GLAUcoma Diagnostic and Imaging Analysis (GLAUDIA) Study

Not yet recruiting

• Conditions: Glaucoma Open-Angle Primary; Ocular Hypertension

• Registration Number: NCT07210216
• Lead Sponsor: Fondazione Policlinico Universitario Agostino Gemelli IRCCS

Brief Summary

This observational study aims to identify early diagnostic markers of glaucomatous damage by combining functional and structural assessments. Patients with primary open-angle glaucoma and ocular hypertension will undergo comprehensive ophthalmological evaluation, including visual field testing and multimodal imaging of the optic nerve and retina. Both retrospective and prospective data will be collected.

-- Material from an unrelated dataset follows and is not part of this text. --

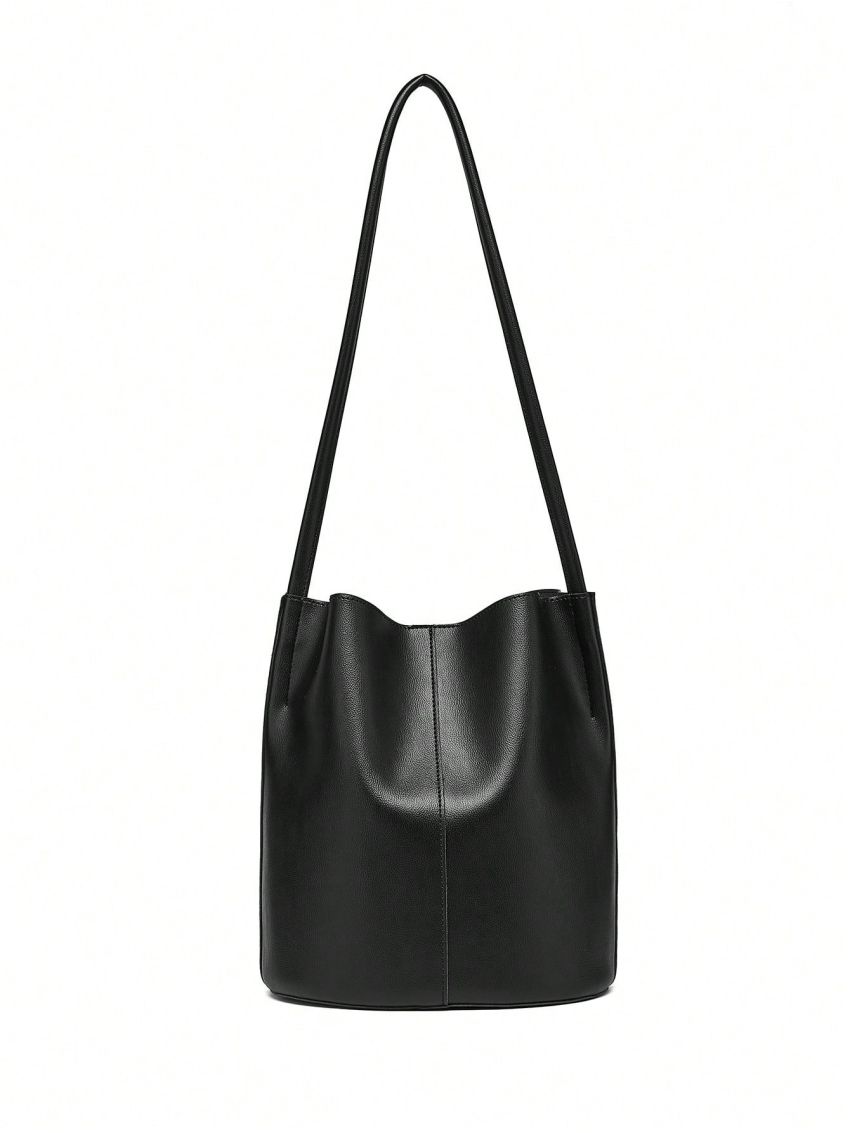 Minimalist Textured Bucket Bag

The main objective is to define new diagnostic paradigms for detecting early glaucomatous changes and to improve the accuracy of current clinical practice in glaucoma management.

Detailed Description

Not available

Study Timeline

• Status Verified: 2025-09
• Study First Submitted: 2025-09-29
• Study First Submitted QC: 2025-09-29
• Last Update Submitted: 2025-09-29
• Study Start: 2025-10-01
• Study First Posted: 2025-10-07
• Last Update Posted: 2025-10-07
• Primary Completion: 2027-12
• Study Completion: 2028-06-01

Recruitment & Eligibility

• Status: NOT_YET_RECRUITING
• Sex: All
• Target Recruitment: 60

Inclusion Criteria

• Age between 40 and 90 years.
• Best-corrected visual acuity ≥ 0.1 LogMAR (≥ 8/10).
• For primary open-angle glaucoma (POAG):
• IOP ≥ 21 mmHg with normal visual field and/or normal optic nerve head/RNFL, or
• Suspicious optic nerve head (excavation), or
• Reproducible glaucomatous visual field defect.
• POAG patients stratified by visual field mean deviation (MD): -3 to -10 dB (S1-S2 Brusini classification).

Exclusion Criteria

• Best-corrected visual acuity worse than 0.1 LogMAR (< 8/10).
• Ocular surgery in the last 6 months (except uncomplicated cataract extraction).
• Previous vitreoretinal surgery for macular pathologies (e.g., macular pucker, macular hole) or retinal detachment.
• High myopia (> -3 diopters).
• Optic disc anomalies not attributable to glaucoma (tilted disc, papillary drusen, other morphological/functional anomalies).
• Severe motor disability preventing proper positioning for tests.
• Cognitive impairment reducing test reliability.

Study & Design

• Study Type: OBSERVATIONAL
• Study Design: Not specified

Primary Outcome Measures

Name	Time	Method
Prevalence of early glaucomatous damage detected by multimodal imaging	Baseline to 24 months	Evaluation of structural parameters from OCT and OCTA and functional indices from visual field testing to detect early glaucomatous damage in ocular hypertensive and glaucoma patients.

Secondary Outcome Measures

Name	Time	Method
Correlation between OCT structural parameters and visual field indices	Baseline to 24 months	Analysis of the association between RNFL/GCC thickness and visual field MD, PSD, and other indices.